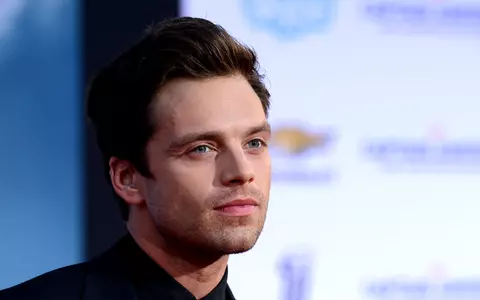 Sebastian Stan, în România. Sute de fani s-au înghesuit să-l vadă pe actorul român din Gossip Girl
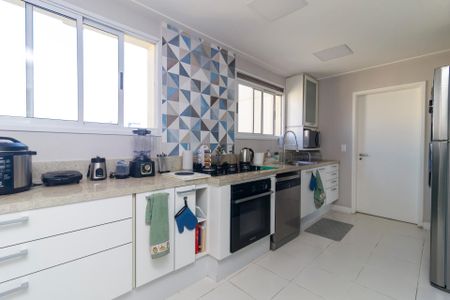 Apartamento à venda com 170m², 4 quartos e 4 vagasCozinha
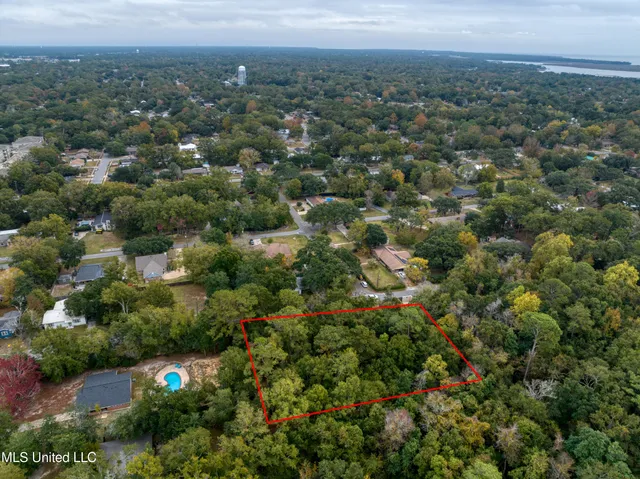 $279,000 | Simon Boulevard, Ocean Springs, MS 39564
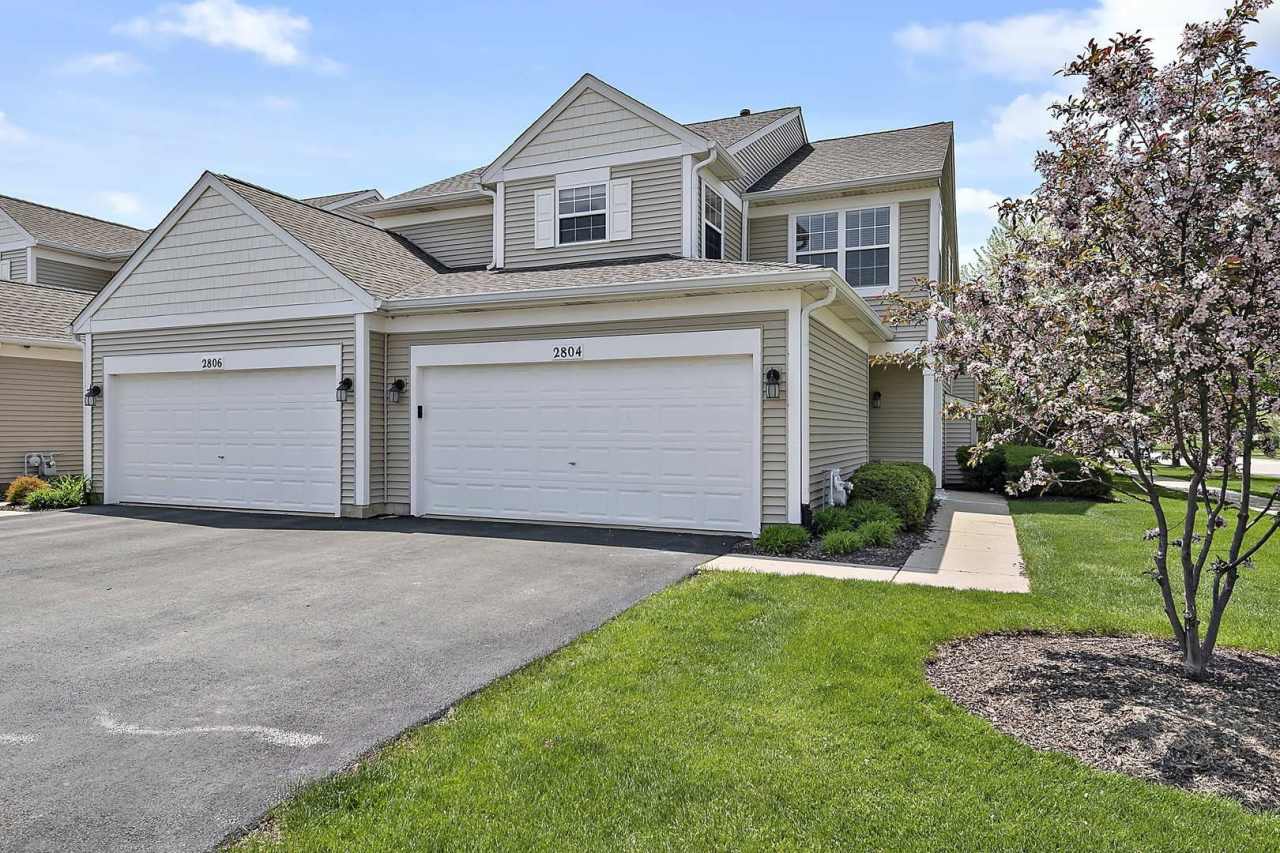 2804 White Thorn Circle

§ **INSTRUCTIONS TO FOLLOW**: Output all of the data exactly. Skip the pictures.

§ **ANSWER SPACE**:
 Sebastian Stan, în România. Sute de fani s-au înghesuit să-l vadă pe actorul român din Gossip Girl
 Apartamento à venda com 170m², 4 quartos e 4 vagasCozinha
 $279,000 | Simon Boulevard, Ocean Springs, MS 39564
 2804 White Thorn Circle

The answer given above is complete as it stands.